I am sure that the Minister, when she responds, will roll out her usual line about the crux of the issue being the 2006 dental contract, and how this is all Labour’s fault. I am sorry, but after 12 years of Tory Government that simply will not wash. The issue of access is only getting worse, with figures obtained by the British Dental Association showing an overall drop of 22% in the number of patients seen by NHS dentists in England from March to April. In the Minister’s own constituency the figures was 34%. How can she expect dentists across England to have confidence in her when she clearly does not even have the confidence of those in her own patch? If that is not evidence that dentists are leaving the NHS or cutting their commitment, having no confidence that her promised reforms will ever be delivered, then what is? If her idea of tackling the problem is to run scared from even talking to dentists at a conference, then there really is no hope.

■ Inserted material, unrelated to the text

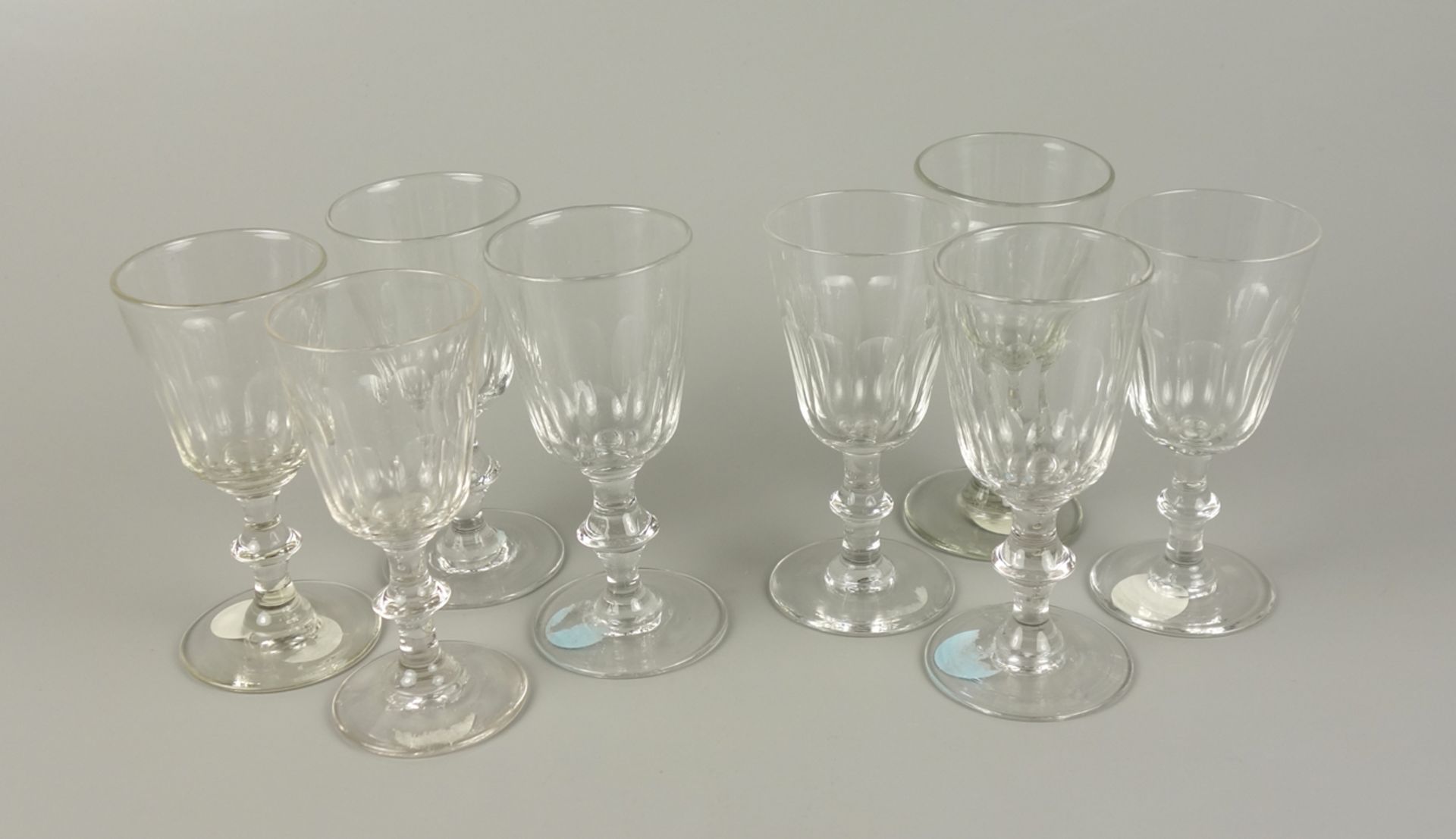 8 peel-cut aperitif glasses, c. 1900, h.10,5cm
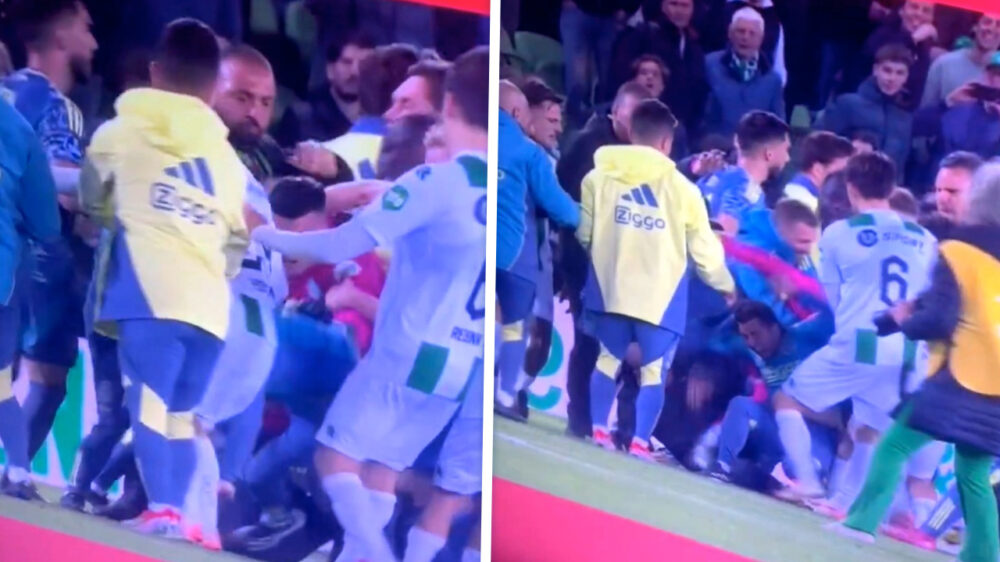 Beelden: 'Losgeslagen keeper FC Groningen mept op de grond liggende Ajacied'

This must change. We need a Government who listen. We need a Government who act. Quite frankly, we need a Government who care. This Government have run out of road, have no ideas left and are holding our country back. A Labour Government will give our NHS the staff, equipment and modern technology it needs to deliver for patients. It is time for the Conservative party to move out of the way and let us get on with the job.